The vision is that since most individuals maintain unique genotype information they, or authorised health professionals, should in the future consult this information for their dietary choices, for lifestyle and job placement decisions, prenatal diagnosis of suspected disorders, evaluation of possible disease symptoms and risks. Classical epidemiological and clinical research on one hand and genomic research on the other, separately considered, are no longer capable for advancing the so-called genomic medicine.

Genomic medicine integrates molecular medicine, which aims to explain life and disease in terms of the presence and regulation of molecular entities, and individualised medicine, which applies genotypic knowledge to identify predisposition to disease and develops therapies adapted to the genotype of a patient.

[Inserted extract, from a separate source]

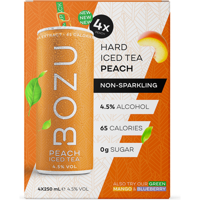 Bozu Hard Iced Tea Mixpack 4x250ML bij Jumbo - thumbnail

The former is driven towards gaining knowledge about the disease, while the latter tries to identify and clinically utilise individual genetic information. Needless to stress that individual genotypic information, essential to such approaches, must be the subject of extremely stringent security.

The integration and exploitation of the data and information generated at all levels by the disciplines of bioinformatics, medical informatics, medical imaging and clinical epidemiology requires a new synergetic approach that enables a bi-directional dialogue between these scientific disciplines and integration in terms of data, methods, technologies, tools and applications. Biomedical Informatics (BMI) is the emerging discipline that aims to put these worlds together so that the discovery and creation of novel diagnostic and therapeutic methods is fostered. This will eventually herald a new era of what has become known as 'individualised medicine', whereby the drugs people are prescribed will depend on their personal genetic makeup, especially where there are significant cost or risk implications.

The mission of BMI is to provide the technical and scientific infrastructure and knowledge to allow evidence-based, individualised healthcare using all relevant sources of information. These sources include the "classical" information as currently maintained in the health record, as well as new genomic, proteomic and other molecular-level information. BMI bears the potential to improve the health and quality of life of the individual, as well as to reduce the overall costs of healthcare systems, by enabling a paradigm shift from late stage diagnosis towards early detection or even prediction of disease.

In achieving this vision a new breed of techniques, systems and software tools are necessary in order to convert the enormous amount of data that geneticists and molecular biologists can obtain at their labs into information that physicians and other health care providers can use for the delivery of care and the converse - to codify and anonymize clinical phenotypic data for analysis by researchers.